Tom Tom - 3 months ago 11
PHP Question

Get code line and file that's executing the current function in PHP?

Imagine I have the following situation:

File1.php

<?php
include("Function.php");
log("test");
?>


Function.php

<?php
function log($msg)
{
echo "";
}
?>


I want to change the log function so that it would produce the following:


test (file: File1.php, line number: 3)


So, any way to get the file name and the line number of the code that executed the current function in PHP?

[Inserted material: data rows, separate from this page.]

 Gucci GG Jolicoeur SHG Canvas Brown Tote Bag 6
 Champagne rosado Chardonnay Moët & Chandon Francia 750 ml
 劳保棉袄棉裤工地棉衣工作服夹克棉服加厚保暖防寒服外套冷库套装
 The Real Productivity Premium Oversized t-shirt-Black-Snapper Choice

EDIT for backlog usage comments:
When I use backlog in my object oriented way of programming I have the following situation.

Index.php

<?php
include("Logger.static.php");
include("TestClass.class.php");
new TestClass();
?>


TestClass.class.php

<?php
class TestClass
{
function __construct()
{
Logger::log("this is a test log message");
}
}
?>


Logger.static.php

<?php
class Logger
{
static public function log($msg)
{
$bt = debug_backtrace();
$caller = array_shift($bt);
echo $caller['file'];
echo $caller['line'];
}
}
?>


This example will return as file "Index.php" and as line number 4, this is where the class is initiated. However, it is supposed to return the file TestClass.class.php and line number 6. Any idea how to fix this?

Answer

You can use debug_backtrace().

http://us3.php.net/manual/en/function.debug-backtrace.php

So, in your log function, you would be able to retrieve the filename and line number from which the log function was called.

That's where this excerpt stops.